La squadra che stasera affronterà l’Italia non è solo una formazione fortissima, composta da campioni. È anche la prima versione della rappresentativa di calcio che riesce a creare un senso di comunità in un Paese storicamente molto diviso al suo interno

AP / Lapresse

«Se dovessimo arrivare in semifinale De Bruyne e Hazard sarebbero arruolabili, ma c’è prima un’altra partita». È una delle prime risposte date in conferenza stampa dal commissario tecnico del Belgio Roberto Martinez, alla vigilia dei quarti di finale che i Diavoli Rossi giocheranno contro l’Italia. Si può leggere una punta di ironia nelle sue parole, o quanto meno di ottimismo: il ct sembra quasi rassicurare i suoi tifosi, dicendo loro che le due stelle della squadra ci saranno al turno successivo. Con 90’ ancora da giocare contro gli Azzurri di Mancini.

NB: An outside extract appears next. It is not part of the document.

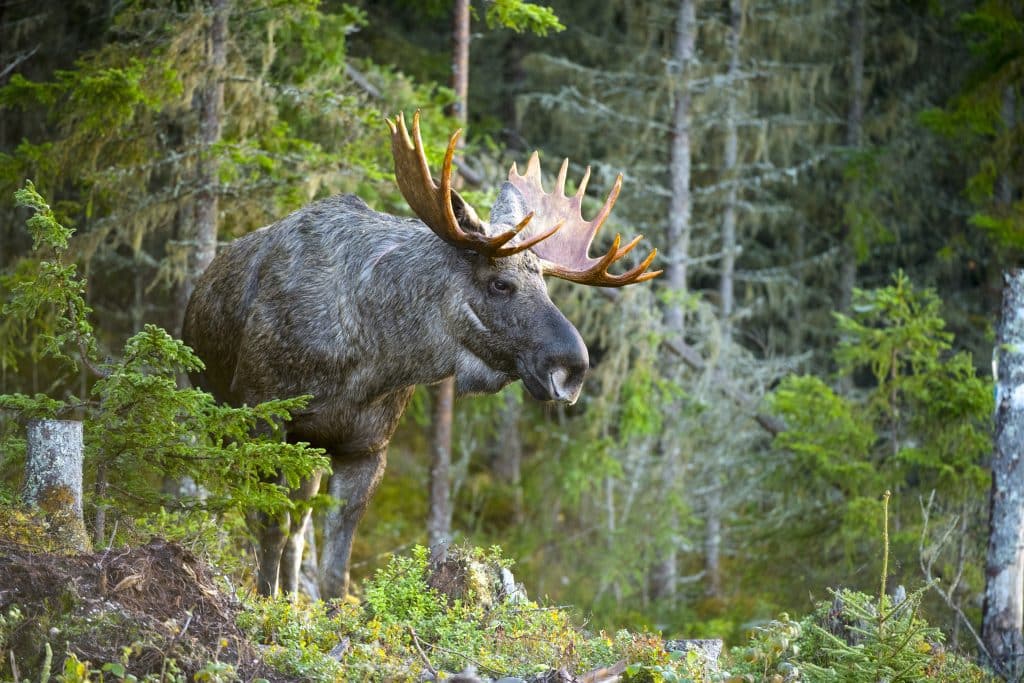 Jägartips: Så får du stora älgtjurar på jaktmarken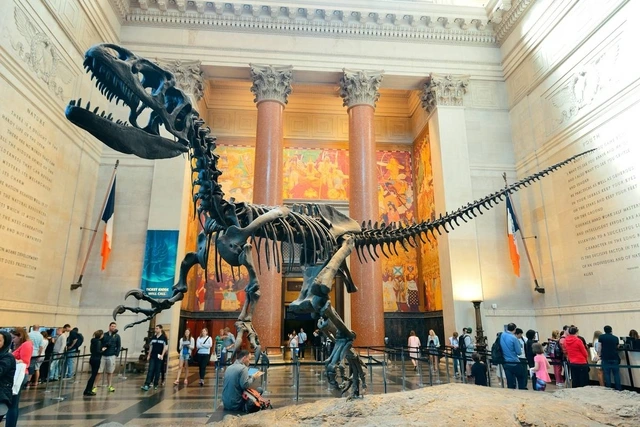 national-museum-of-natural-history-us-journey-through-time.webp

Le conferenze stampa di Martinez hanno due caratteristiche immediatamente riconoscibili: sono spesso misurate, nei toni e nei contenuti, e sono sempre in inglese, la lingua ufficiale della Nazionale belga. Per il Belgio l’inglese è una soluzione di compromesso, probabilmente l’unica possibile per non scontentare nessuno, in un Paese di 11 milioni di abitanti e un’identità praticamente impossibile da definire.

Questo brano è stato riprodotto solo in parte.